Já escrevi sobre o palpitante tema e a ele volto, uma vez mais, considerando o fato de que me ocorreu a firme necessidade de apresentar novas reflexões.

De início, a legislação simbólica é justamente a terminologia adotada por Marcelo Neves em sua obra, porquanto, legislação simbólica aponta o predomínio, ou mesmo hipertrofia, no que se refere ao sistema jurídico, da função simbólica da atividade legiferante e do seu produto, a lei, sobretudo em detrimento da função jurídico-instrumental1.
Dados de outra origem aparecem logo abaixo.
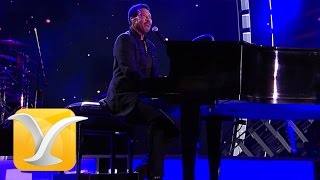 Lionel Richie, Three Times a Lady, Festival de Viña 2016 HD 1080p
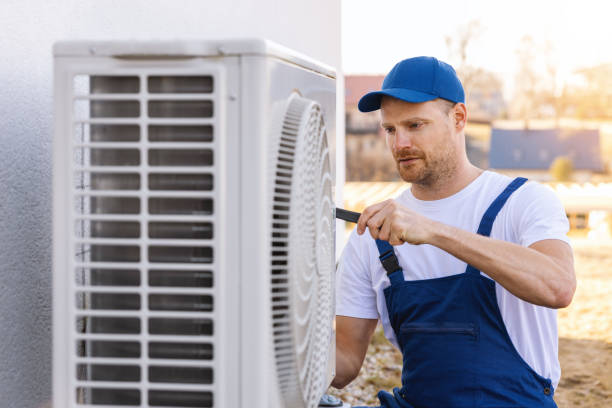Best HVAC Tune-Up Services  in Silver Creek, NY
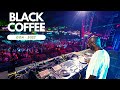 Black Coffee Live @ Sunburn Festival, Goa, India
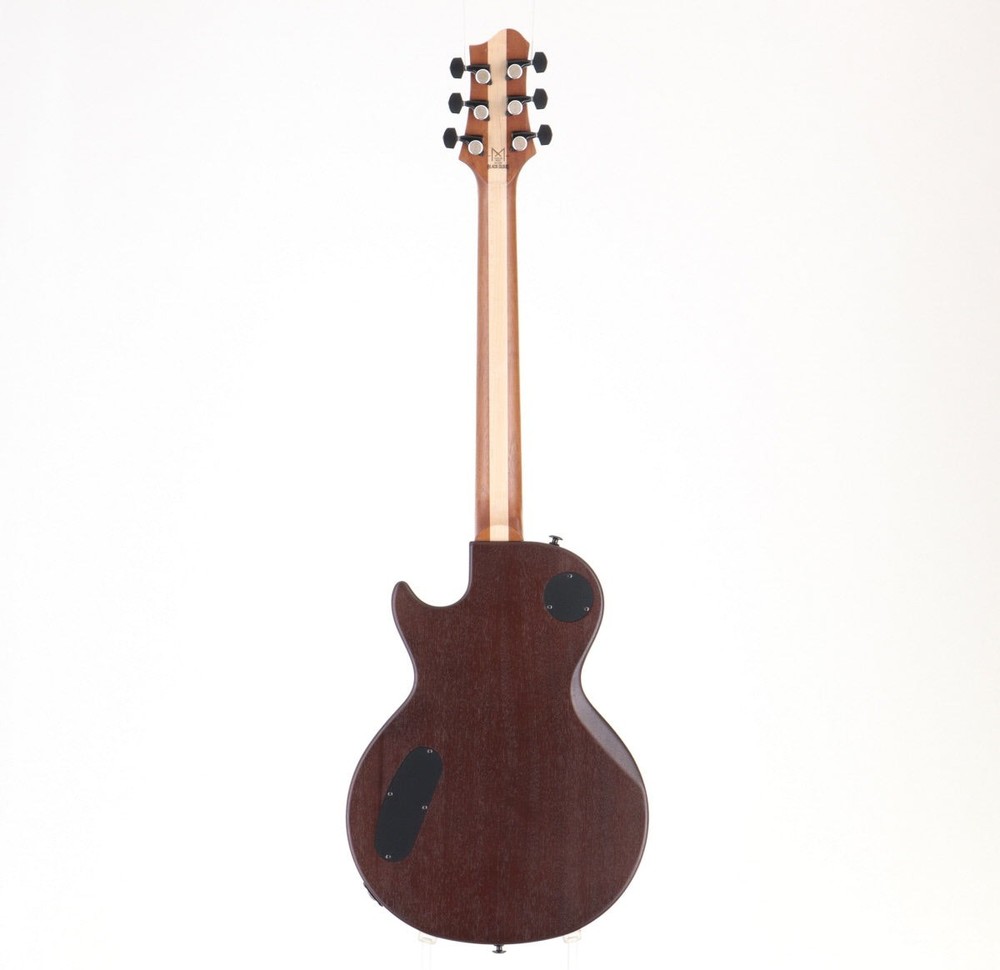 BLACK CLOUD Custom-Made Omega BKR [18K03]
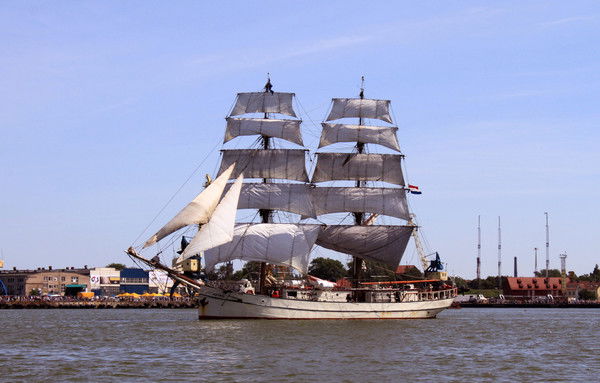 Валерий Савин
A Lei 11.101/05 pode ser considerada simbólica, sem descuidar que é, efetivamente, dirigida às médias e grandes corporações, considerando, inclusive, seu custo (judicial e extrajudicial, inclusive remuneração do administrador judicial), salvo engano. Não é toda e qualquer entidade mergulhada em crise que se pode valer do regime recuperatório, considerando, enfatize-se, seu custo.

O texto normativo de 2005 assenta fundamento, basicamente, nos regimes de insolvência norte-americano e francês, como consabido. Está baseada, portanto, em sistemas jurídicos que nem sempre se coadunam com a realidade pátria2.

Desde o Projeto de Lei n. 4.376/1993 foi dito aos quatro ventos que o vetusto Dec.-Lei 7.661/45 não mais era adequando à realidade social e empresarial, sem descuidar que a economia tinha maior abrangência. De fato, não era.

Com efeito, não obstante a obsolescência do texto normativo de 1945 - redigido por notáveis juristas, diga-se de passagem, que se filiava à Teoria dos Atos de Comércio [França, 1807] -, sem se descuidar do desvirtuamento da concordata preventiva, o fato é que no ano de 2005 deixou-se de importar, por assim dizer, mecanismos jurídico-econômicos ligados à prevenção das dificuldades da entidade jurídica.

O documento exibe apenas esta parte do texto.